We do our best to provide food, warmth, shelter, comfort and activities. So it can sometimes become a little irritating when all that goes unnoticed in favour of boredom.
So, you’ve played with bubbles, played the tambourine, run ragged around the house, tripped us up, played with a ball and pestered everybody else that lives here.
You have had food and water, love and attention. You have stopped me from working and forbidden us all from doing anything that doesn’t involve you.
You have watched, stared, turned your back on us and made it known in every conceivable way that you are bored.
And yes, you have finally driven a rift between myself and my husband. A couple who have stood hitherto united in parenthood are now seated at opposite ends of the sofa, debating the eternal question.
Do cats get bored?
In my humble opinion, the answer is clear. Cats are entirely capable of being bored. In fact, a bored cat is rather a dangerous animal to have around the house.
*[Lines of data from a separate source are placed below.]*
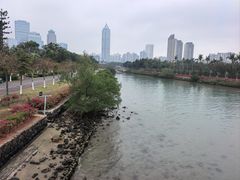 -万绿园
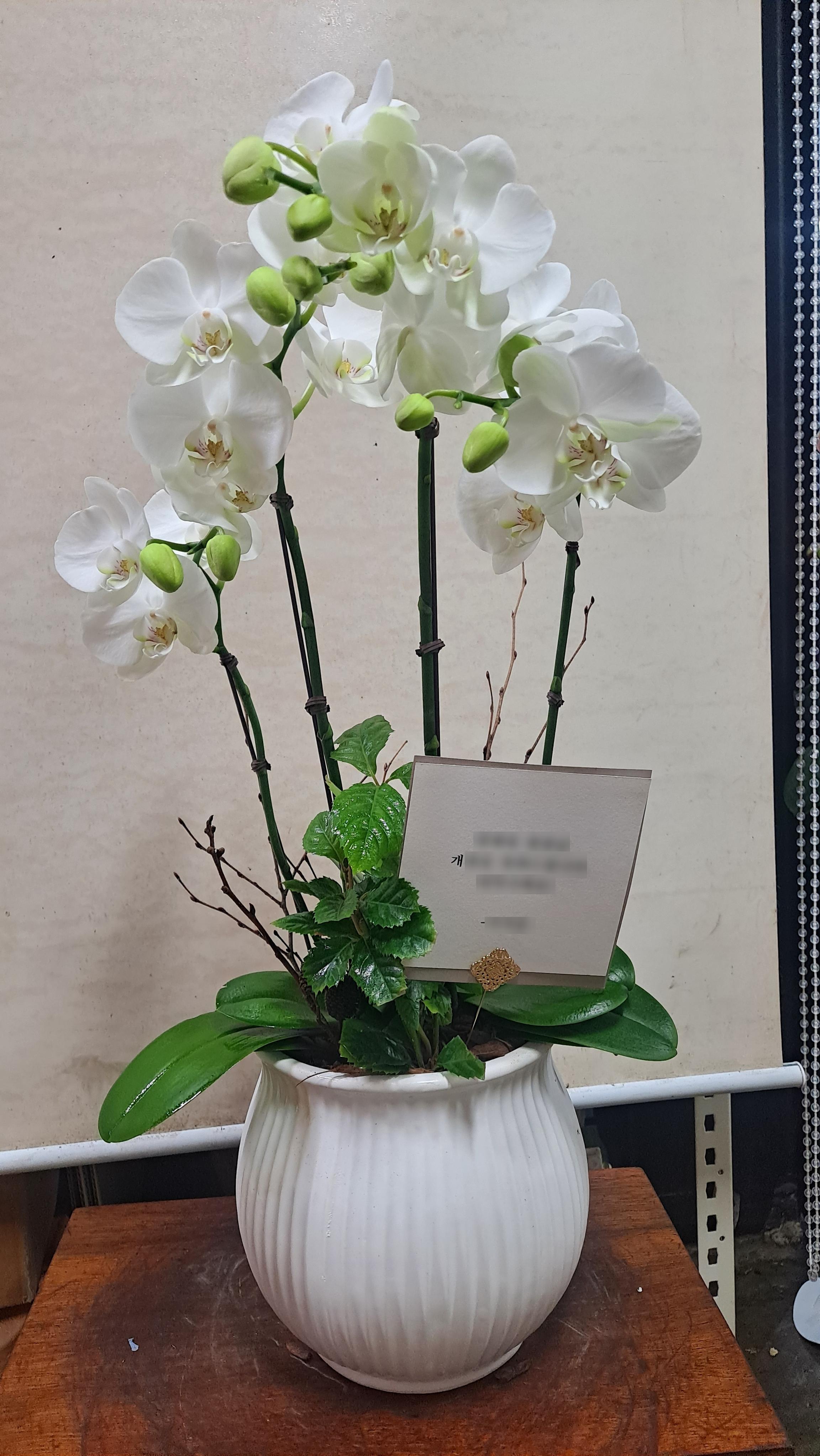 리뷰사진-1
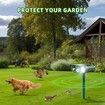 Ultrasonic Cat Deterrent,Solar Powered Deterrent with Motion Sensor and Flashing Lights Outdoor Solar Farm Garden Yard Device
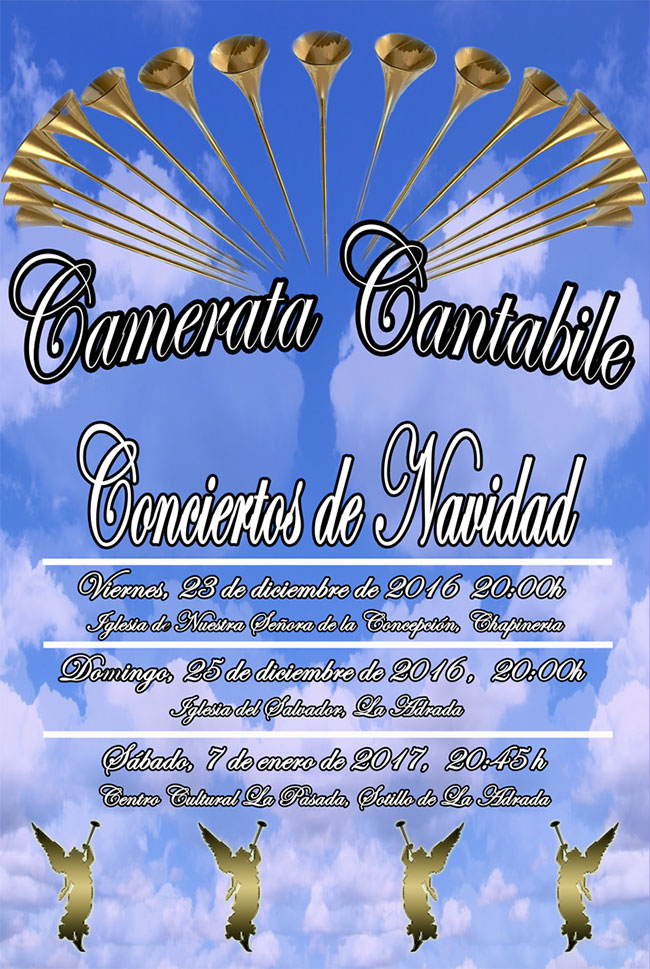 Camerata Cantabiel-Concierto de Navidad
The thing with cats is that when they don’t get enough exercise, they might well maul somebody. But it’s never going to make national news.
So people like my husband go through life believing that cats don’t get bored.
So in the great cat debate, please allow me to present the evidence for the prosecution.
1. Cats get bored and kill things.
Just ask mice, frogs, squirrels or birds.
2. Cats get bored and steal things.
Just ask my daughters. Or any other child who has lost their toys to a bored cat.
Or, as it happens, my husband. He will be presenting the case for the defence later, without his squash balls – the cat stole them.
3. Cats get bored and hurt people
Ask anyone who has tried to stroke a cat that wanted to play.
4. Cats get bored and pick fights.
They will not rest until the battle is won. Ask the dog.
5. Cats get bored and cause arguments.
This blog post is evidence in itself.
And the case for the defence?
“Cats don’t get bored, everyone knows that.”
Does your cat suffer from boredom? I’ve never known one that didn’t.